_TASK DIRECTIONS:_
How many lines in the records below contain the word "Photo"? Answer with the number alone.

=== Begin Enclosure ===

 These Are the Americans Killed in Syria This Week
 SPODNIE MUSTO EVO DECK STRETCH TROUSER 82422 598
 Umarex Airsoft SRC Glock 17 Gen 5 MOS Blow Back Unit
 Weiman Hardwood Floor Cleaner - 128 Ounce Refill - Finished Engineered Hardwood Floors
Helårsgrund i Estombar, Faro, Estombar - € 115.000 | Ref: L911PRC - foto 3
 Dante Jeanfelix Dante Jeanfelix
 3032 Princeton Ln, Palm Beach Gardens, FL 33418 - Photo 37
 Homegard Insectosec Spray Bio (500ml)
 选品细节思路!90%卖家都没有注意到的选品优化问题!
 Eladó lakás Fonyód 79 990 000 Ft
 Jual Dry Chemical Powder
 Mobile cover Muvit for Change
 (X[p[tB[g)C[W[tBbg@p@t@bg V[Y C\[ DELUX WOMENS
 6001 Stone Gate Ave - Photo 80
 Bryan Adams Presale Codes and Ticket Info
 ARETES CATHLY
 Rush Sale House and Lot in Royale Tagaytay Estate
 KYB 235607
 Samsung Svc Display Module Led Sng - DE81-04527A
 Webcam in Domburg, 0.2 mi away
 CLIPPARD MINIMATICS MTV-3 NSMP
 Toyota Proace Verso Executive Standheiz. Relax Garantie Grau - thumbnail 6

=== End Enclosure ===

_RESPONSE AREA:_
2